Nel suo mondo ideale come risolverebbe il problema?
«Basterebbe rendersi conto di ciò che vive quella gente, basterebbe parlare con qualcuno di loro. Io l’ho fatto, ho conosciuto un ragazzo in un locale qui a Roma, lì mi è venuta l’idea. Pensa se un giorno torni a casa e trovi i genitori morti. Può essere una vita normale? Può essere che esci per giocare a pallone e rischi di essere rapito? Se parlasse con i migranti, scommetto che anche il più schierato contro di loro, il più cattivo, il più radicale, cambierebbe idea».
Quindi sarebbe felice se un giorno in Italia ci fosse lo «Ius soli»?
«Io di politica non so nulla, ci tengo a precisarlo, è una questione umana, non politica. Non possiamo dire soltanto sì o no, la canzone non è schierata politicamente, invita a provare empatia. C’è chi dice “aiutiamoli a casa loro”, io vorrei capire che cosa si intende per “casa loro”. Come io sono libero di camminare fino a casa loro e vivere con le loro tradizioni, nel loro spazio, non vedo perché non possa valere il contrario».

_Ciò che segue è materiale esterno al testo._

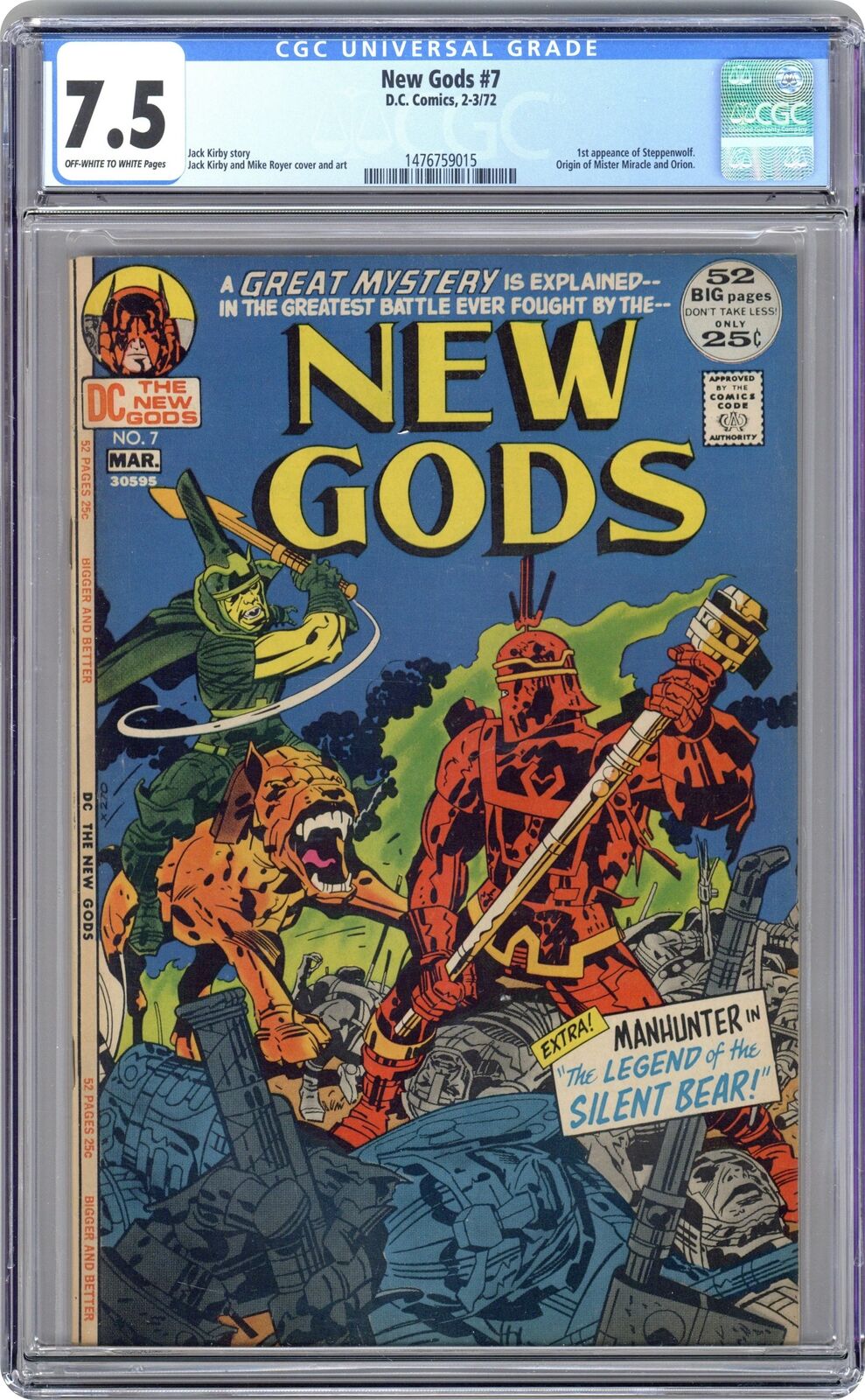New Gods #7 CGC 7.5 1972 1476759015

C’è una nuova ondata di cantautori di Roma di successo, come Paradiso, Contessa, Gazzelle, Calcutta. Si vede insieme a loro?
«No. Io vengo da tutt’altro scenario, ero un chitarrista, adesso faccio il cantautore. Mi sembra che molti di loro si vogliano omologare, preferiscono fare un suono più trasmissibile e più riconoscibile piuttosto che cercare di scrivere canzoni personali. Ci siamo visti un po’ con tutti, ma non ci siamo mai stretti la mano. C’è una corsa all’oro, io ho sempre cercato di rimanere sulla mia stradina. Di certo non cercherò mai di fare qualcosa che non mi appartiene».
Mai pensato di cambiare stile?
«No, mai. Nel periodo in cui le cose non andavano, mi è venuta voglia di prendere un aereo e andare a vivere lontano».
In molti l’hanno paragonata a Daniele Silvestri, Niccolò Fabi, Samuele Bersani.
«La cosa più antipatica che si può dire è: “Tu sei uguale a questo o a quest’altro”. Non ho alcuna volontà di copiare quelli che ha nominato, anche se è chiaro che mi piacciono molto e che mi hanno influenzato. Come Dalla, De Gregori, Fossati, Stefano Rosso, i Beatles».